SUMMARY OF THE INVENTION

[0011] An object of the present invention is to provide a cartridge assembly which includes an integrated collection mechanism for collecting a fluid sample, and a sample containment chamber for containing and testing collected fluid samples without sample transfers or sample exposure.

[0012] This and other objects are substantially achieved by providing a system for collecting a fluid sample, such as blood, directly into a sealed cartridge containing testing mechanisms for evaluation of the collected sample immediately upon collection. The cartridge includes an integrated sample collection mechanism having a shielded piercing element such as a syringe or lancet assembly which is capable of collecting a fluid sample into a containment chamber. The chamber includes an array of electrical contacts, electrochemical sensors and circuitry configured to electrically couple with a hand-held analytical device such as a personal digital assistant (PDA), which controls the testing of the fluid sample within the cartridge and provides a rapid indication of test results.

BRIEF DESCRIPTION OF THE DRAWINGS

[0013] These and other objects, advantages and novel features of the invention will be more readily appreciated from the following detailed description when read in conjunction with the accompanying drawings, in which:

[0014]FIG. 1 is a view of an example of one cartridge system including a first integrated syringe assembly collecting mechanism according to an embodiment of the present invention;

[0015]FIG. 2 is a view in partial section of the cartridge system of FIG. 1 according to an embodiment of the present invention;

[0016]FIG. 3 is a view of an example of one cartridge system including a second integrated syringe assembly collecting mechanism according to an embodiment of the present invention;

[0017]FIG. 4 is a view of the cartridge of FIG. 3 engaged with a hand-held analytical device according to an embodiment of the present invention;

[0018]FIG. 5 is a view of an example of one cartridge system including an integrated lancet assembly collecting mechanism according to an embodiment of the present invention; and

[0019]FIG. 6 is a view of an example of one cartridge system including an integrated lever actuator vacuum assembly collecting mechanism according to an embodiment of the present invention.

[0020] In the drawing figures, it will be understood that like numerals refer to like structures and method steps.

DETAILED DESCRIPTION OF THE PREFERRED EMBODIMENTS

[0021] A diagram of an exemplary cartridge collection system 100 in accordance with an embodiment of the present invention is shown in FIGS. 1 and 2. For the following discussion, reference will be made to FIGS. 1 and 2, and as necessary, attention will be drawn to a particular figure.

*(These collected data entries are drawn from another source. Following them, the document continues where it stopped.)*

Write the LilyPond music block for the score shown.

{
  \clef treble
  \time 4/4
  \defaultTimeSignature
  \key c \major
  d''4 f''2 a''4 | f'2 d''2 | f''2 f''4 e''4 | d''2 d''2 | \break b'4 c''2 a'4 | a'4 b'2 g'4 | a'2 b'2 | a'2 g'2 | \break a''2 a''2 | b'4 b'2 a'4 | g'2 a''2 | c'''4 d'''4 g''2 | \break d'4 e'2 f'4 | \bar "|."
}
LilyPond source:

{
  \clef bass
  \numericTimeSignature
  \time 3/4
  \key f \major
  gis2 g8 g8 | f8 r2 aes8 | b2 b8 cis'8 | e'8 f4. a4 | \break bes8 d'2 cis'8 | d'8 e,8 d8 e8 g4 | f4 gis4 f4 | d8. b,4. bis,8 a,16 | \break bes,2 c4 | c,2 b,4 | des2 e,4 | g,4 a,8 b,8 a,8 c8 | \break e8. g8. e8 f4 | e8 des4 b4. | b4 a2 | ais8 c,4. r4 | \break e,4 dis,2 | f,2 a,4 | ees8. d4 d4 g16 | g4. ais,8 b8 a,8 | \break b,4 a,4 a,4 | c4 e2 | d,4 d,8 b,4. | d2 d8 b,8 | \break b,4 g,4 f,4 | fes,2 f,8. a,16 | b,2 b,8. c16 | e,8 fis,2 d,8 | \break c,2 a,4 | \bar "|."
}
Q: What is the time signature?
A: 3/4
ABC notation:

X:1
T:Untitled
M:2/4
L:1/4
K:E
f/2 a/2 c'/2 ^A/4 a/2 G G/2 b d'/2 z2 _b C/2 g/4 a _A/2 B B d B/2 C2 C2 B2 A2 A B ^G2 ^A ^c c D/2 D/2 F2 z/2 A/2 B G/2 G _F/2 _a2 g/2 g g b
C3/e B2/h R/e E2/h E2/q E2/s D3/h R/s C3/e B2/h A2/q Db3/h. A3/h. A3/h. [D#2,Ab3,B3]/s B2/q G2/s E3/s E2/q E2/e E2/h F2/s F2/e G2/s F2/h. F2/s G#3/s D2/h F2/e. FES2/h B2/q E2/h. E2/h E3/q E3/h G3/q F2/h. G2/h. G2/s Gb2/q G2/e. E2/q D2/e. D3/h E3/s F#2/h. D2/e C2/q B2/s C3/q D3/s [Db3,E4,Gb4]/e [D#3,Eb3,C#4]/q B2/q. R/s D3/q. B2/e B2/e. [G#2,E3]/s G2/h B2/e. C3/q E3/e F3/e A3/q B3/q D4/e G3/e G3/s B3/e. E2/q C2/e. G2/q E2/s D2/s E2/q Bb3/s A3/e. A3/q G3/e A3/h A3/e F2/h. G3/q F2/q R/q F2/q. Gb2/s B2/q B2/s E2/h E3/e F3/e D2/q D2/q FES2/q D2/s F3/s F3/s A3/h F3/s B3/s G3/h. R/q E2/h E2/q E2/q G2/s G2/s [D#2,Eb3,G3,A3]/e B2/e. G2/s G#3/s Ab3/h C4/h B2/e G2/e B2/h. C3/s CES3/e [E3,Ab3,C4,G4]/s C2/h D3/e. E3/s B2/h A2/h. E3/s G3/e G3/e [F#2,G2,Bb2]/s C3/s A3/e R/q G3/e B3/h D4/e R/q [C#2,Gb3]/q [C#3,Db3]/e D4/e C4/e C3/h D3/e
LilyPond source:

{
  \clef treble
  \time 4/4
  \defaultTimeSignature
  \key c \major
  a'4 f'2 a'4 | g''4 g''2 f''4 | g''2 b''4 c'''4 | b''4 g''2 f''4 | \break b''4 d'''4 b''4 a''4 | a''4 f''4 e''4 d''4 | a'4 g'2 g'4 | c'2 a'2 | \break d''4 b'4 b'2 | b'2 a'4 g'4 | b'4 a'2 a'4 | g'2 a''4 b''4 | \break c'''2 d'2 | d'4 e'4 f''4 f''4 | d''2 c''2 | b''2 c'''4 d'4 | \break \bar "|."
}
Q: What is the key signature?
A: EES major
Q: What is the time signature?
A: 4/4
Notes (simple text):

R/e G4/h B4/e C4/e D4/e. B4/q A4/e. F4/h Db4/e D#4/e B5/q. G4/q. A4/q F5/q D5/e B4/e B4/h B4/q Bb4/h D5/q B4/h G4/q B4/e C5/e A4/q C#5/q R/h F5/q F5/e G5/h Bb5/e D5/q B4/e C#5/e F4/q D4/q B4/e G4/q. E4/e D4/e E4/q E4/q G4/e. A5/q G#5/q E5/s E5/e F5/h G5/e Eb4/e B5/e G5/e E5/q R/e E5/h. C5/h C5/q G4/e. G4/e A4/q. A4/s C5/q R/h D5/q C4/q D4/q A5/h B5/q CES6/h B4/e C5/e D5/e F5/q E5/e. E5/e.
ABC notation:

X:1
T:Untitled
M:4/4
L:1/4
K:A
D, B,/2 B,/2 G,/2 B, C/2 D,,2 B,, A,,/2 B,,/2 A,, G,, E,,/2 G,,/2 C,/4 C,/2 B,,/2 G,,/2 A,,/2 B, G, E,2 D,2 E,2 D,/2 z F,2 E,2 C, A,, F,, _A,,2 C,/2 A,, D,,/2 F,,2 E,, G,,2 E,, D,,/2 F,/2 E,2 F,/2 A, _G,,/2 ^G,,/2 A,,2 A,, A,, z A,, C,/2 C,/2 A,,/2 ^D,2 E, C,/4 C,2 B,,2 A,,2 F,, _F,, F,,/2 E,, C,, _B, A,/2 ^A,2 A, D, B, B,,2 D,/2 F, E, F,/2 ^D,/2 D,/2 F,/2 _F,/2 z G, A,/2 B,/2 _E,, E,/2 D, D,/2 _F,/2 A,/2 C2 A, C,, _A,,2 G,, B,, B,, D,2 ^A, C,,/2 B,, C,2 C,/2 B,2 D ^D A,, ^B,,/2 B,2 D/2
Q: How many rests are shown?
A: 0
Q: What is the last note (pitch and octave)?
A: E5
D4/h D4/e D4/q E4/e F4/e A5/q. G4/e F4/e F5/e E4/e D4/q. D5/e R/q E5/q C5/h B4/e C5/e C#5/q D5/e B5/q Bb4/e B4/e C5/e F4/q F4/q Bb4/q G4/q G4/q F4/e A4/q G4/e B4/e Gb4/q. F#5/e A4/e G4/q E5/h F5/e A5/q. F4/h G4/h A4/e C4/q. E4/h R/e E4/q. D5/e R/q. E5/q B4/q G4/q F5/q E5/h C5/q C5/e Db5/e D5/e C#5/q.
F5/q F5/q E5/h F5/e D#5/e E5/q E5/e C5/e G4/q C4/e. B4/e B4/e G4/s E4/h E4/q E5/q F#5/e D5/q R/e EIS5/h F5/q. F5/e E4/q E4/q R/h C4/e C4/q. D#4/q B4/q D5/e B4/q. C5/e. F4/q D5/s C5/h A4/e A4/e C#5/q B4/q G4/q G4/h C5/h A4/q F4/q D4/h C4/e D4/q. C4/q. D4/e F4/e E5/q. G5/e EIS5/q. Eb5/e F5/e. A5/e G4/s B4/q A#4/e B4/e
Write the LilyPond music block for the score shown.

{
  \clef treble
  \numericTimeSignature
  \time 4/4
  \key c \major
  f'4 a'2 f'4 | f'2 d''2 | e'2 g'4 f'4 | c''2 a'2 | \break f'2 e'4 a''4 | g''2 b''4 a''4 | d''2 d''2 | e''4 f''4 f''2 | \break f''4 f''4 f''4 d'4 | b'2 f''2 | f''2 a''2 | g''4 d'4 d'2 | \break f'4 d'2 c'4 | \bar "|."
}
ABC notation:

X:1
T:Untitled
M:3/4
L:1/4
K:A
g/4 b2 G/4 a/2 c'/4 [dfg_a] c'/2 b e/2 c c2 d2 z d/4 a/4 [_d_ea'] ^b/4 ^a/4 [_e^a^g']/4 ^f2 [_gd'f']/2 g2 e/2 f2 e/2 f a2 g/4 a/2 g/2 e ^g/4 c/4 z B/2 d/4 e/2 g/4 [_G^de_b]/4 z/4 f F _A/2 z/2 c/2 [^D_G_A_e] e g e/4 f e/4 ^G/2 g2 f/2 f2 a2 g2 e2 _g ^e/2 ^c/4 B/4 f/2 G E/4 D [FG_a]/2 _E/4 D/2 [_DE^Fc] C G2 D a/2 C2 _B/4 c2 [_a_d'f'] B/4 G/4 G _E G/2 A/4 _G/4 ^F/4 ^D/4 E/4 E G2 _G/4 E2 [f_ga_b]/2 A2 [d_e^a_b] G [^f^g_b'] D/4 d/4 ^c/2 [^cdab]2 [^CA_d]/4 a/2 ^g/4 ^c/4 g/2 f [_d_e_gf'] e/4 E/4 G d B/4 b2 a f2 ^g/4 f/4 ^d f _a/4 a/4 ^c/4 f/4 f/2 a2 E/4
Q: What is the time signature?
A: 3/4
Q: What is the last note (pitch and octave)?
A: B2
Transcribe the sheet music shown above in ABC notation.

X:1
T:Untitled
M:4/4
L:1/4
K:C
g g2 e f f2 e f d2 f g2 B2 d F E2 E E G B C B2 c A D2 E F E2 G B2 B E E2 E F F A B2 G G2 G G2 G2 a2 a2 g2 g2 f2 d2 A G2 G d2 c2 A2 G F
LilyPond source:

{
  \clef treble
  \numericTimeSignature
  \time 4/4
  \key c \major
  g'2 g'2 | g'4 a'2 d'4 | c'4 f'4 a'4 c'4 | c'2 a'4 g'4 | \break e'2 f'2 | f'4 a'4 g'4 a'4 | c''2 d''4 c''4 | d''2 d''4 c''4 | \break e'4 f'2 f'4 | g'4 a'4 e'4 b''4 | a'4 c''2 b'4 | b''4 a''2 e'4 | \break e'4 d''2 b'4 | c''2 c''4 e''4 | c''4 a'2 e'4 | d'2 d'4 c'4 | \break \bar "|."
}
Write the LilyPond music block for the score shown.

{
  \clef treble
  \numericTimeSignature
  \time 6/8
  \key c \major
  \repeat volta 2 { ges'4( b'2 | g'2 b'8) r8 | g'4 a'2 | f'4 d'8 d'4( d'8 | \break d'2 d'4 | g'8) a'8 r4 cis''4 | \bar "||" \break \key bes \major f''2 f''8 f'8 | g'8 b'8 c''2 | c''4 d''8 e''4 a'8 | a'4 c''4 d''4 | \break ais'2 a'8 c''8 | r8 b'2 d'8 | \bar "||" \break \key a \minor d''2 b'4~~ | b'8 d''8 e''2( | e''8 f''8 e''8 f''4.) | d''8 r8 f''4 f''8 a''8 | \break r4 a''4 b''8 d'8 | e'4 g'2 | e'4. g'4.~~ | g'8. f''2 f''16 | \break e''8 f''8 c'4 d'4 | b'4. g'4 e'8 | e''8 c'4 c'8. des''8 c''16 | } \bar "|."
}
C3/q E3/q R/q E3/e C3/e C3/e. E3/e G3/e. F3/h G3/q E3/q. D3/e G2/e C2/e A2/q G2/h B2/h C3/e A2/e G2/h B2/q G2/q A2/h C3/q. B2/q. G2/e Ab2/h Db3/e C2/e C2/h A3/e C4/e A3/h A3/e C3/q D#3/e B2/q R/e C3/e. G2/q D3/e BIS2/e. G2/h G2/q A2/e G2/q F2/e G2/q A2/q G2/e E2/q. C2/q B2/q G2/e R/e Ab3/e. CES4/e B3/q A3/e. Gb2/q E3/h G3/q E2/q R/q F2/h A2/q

FIGS. 1 and 2 are a view of one example of a cartridge collection system 100, each according to an embodiment of the present invention.

[0022] The system 100 of FIG. 1 preferably includes a disposable housing 102 for providing a containment chamber 104 into which fluid samples are placed by an integrated collection mechanism 106 for analysis. The housing 102 is fabricated substantially as a cartridge, with protruding collection mechanism features at opposite ends. For purposes of the description, the housing, including containment chamber and collection mechanism, may be described as a cartridge 102.

[0023] As shown in FIG. 2, the collection mechanism 106 located within the cartridge 102 may be used to safely collect a fluid sample into the containment chamber. Once a sample is collected, the collection mechanism may then be shielded and the cartridge may be engaged with a remote analytical device for testing. It will be noted that the embodiments described below include collection mechanisms comprised of needle, lancet, and vacuum assemblies, however, the apparatus of the present invention works just as well with other collection mechanism assemblies.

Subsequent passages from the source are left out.